Hours before they were due to participate in the first televised debate of the election, Green and King met with the editorial board, which operates separately from the newsroom, and offered several ideas to take the city in what they said would be a better direction. Their plans ranged from King’s idea to use drones as a crime-fighting tool to Green’s suggestion to create a public bank to help invest in city neighborhoods.
The board previously met with Ald. Roderick Sawyer, businessman Willie Wilson, state Rep. Kambium “Kam” Buckner and former Chicago Public Schools CEO Paul Vallas and has scheduled a session next week with the remaining candidates: Lightfoot, Cook County Commissioner Brandon Johnson and U.S. Rep. Jesús “Chuy” García.
Throughout the roughly hourlong endorsement session, King emphasized that she would be collaborative and not combative in addressing the city’s problems.
“We often deal with policy on the fringe: ‘Defund the police,’ ‘law and order.’ Most people sit in the middle,” said King who, despite being chair of the council’s Progressive Caucus, stressed she doesn’t always agree with her progressive colleagues and has sought middle ground on issues such as public safety, saying the city can “uplift police and hold them accountable.”
King highlighted her public safety plan to reinvigorate the Police Department by enticing retired officers to return, expanding surveillance technology and overhauling work schedules to allow for more time off. In addition, King called for using technology such as drones to decrease police reliance on high-speed car chases, which have cost the city millions in lawsuits over pursuits gone awry.
These drones, she argued, would track fleeing vehicles, allow police units to know when to converge on a suspect and help prevent drivers from escaping. She clarified that the drones would not be equipped with weapons to shoot suspects.
In response to a question about people who are concerned about ultraprogressive candidates, King noted she believes a tax hike on $1 million homes would be “too aggressive” and noted her support for a West Side Chicago police academy that was opposed by activists.
Regarding Lightfoot’s leadership style, the mayor has blamed pushback on racism and sexism, saying in 2021 that “about 99%” of the criticism she receives over her temperament is due to the fact she’s a Black woman. King — who is the only other woman in the race and who is also Black — said Thursday that argument is “really not fair.”
Lightfoot has also embraced the perception that she’s a fighter. In a video announcing her bid for reelection, for instance, Lightfoot sought to transform the criticism that she’s too combative into a strength by vowing to keep fighting for Chicago residents as she seeks a second term. But she has also made efforts to soften her image in recent months.
For his part, Green too noted he is a progressive but also a real estate agent and businessman, to underscore his ability to moderate.
In his opening remarks Thursday, Green said he has long had a disdain for Chicago politicians due to the bloodshed and disinvestment he has seen on the streets.
”I saw a lot of hopelessness in a community of folks who feel like they can’t do nothing more, be anything better or go any further than their neighborhood,” Green said.

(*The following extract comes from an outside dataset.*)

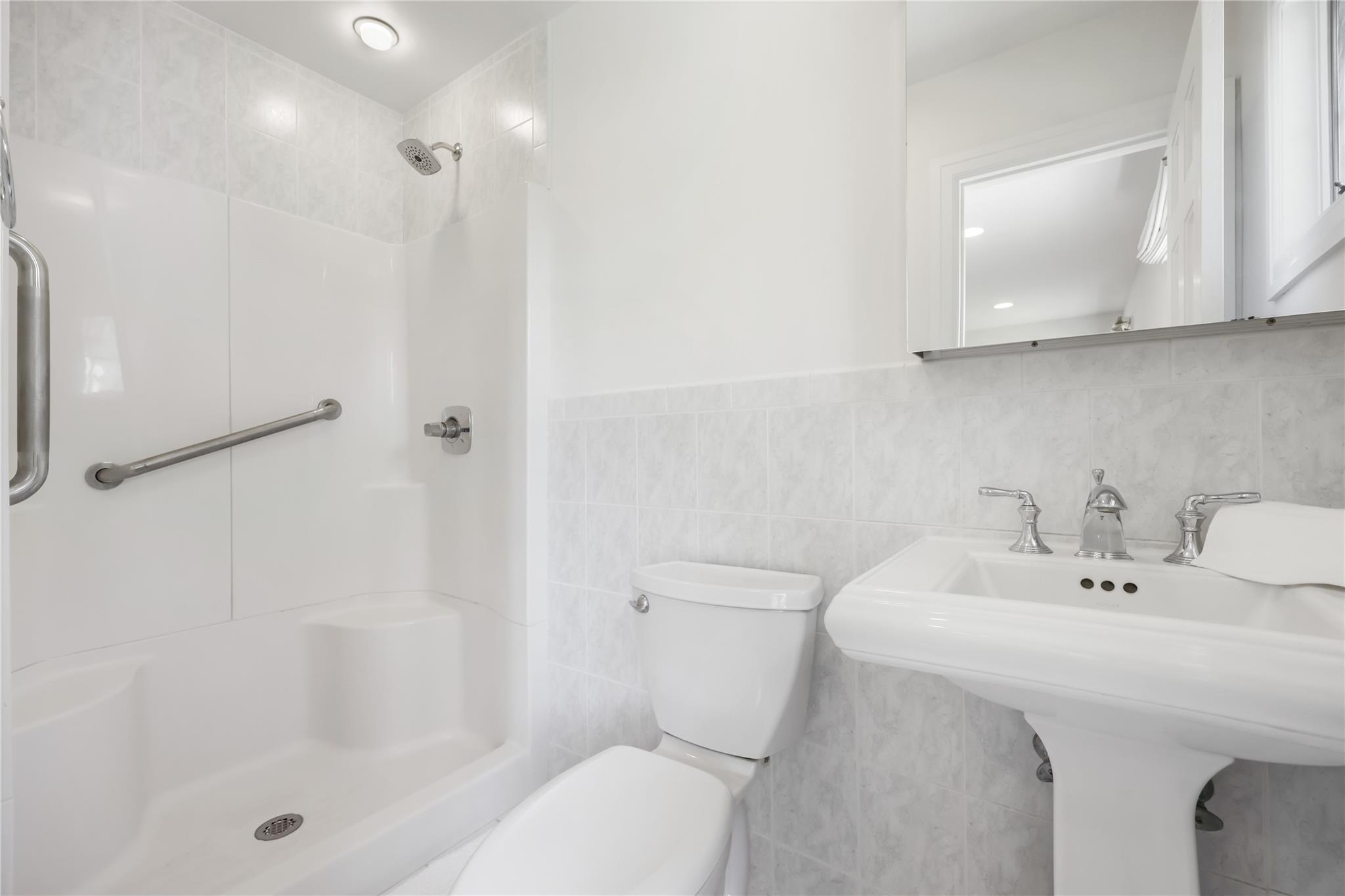 Single Family South Brook  Westchester County, NY 10506, MLS-852552-23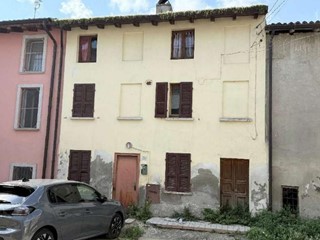 Appartamento in Vendita a Canneto Pavese, 27'675&euro;, 173 m²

He also cited his work as a surrogate for U.S. Sen. and former presidential candidate Bernie Sanders, protests against Chicago police misconduct and activism around neighborhood investment.
Green noted his 2020 campaign to get Chase Bank to increase lending to Black communities, which first got him banned from the bank’s locations, but Chase later promised to increase mortgage lending to Black and Latino families by $600 million over five years. A Chase official credited Green with bringing the issue to their attention.

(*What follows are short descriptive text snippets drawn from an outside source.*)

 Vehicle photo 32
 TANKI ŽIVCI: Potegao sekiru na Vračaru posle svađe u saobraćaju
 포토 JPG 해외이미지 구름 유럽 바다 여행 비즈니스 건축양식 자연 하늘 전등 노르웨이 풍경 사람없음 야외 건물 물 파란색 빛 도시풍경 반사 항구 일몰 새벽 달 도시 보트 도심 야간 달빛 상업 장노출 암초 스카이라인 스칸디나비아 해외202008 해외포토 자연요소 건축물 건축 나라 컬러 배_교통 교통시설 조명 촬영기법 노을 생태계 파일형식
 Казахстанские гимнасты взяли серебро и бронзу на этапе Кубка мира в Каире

Green also talked about a public bank, an idea he previously unrolled by saying the “Bank of Chicago” would be governed by a nine-member voting board to determine where the funds will go. Three would hail from banking backgrounds, three would be community members and three would be elected. The bank would start with $250 million from the city’s reserves, $250 million from the state and more would come from federal relief dollars, he previously said.
One of the city’s bigger problems, Green said, is the lack of a pipeline for good jobs. He proposed a program where Chicago youths could be trained to upgrade lead pipes, which would teach them a trade and give them work, while also addressing a major problem.
King also talked about the need to bring trades into Chicago Public Schools. One of the schools in her ward, Dunbar Vocational Career Academy, works with the International Brotherhood of Electrical Workers to give students skills. She also wants more after-school and Park District programs.
Many calls to police are for nonviolent and mental health issues, she said, and the city needs to expand its alternative crisis response model.
At the end of the session, Green and King hugged, a far cry from the acrimony that has sometimes characterized bigger forums with more candidates.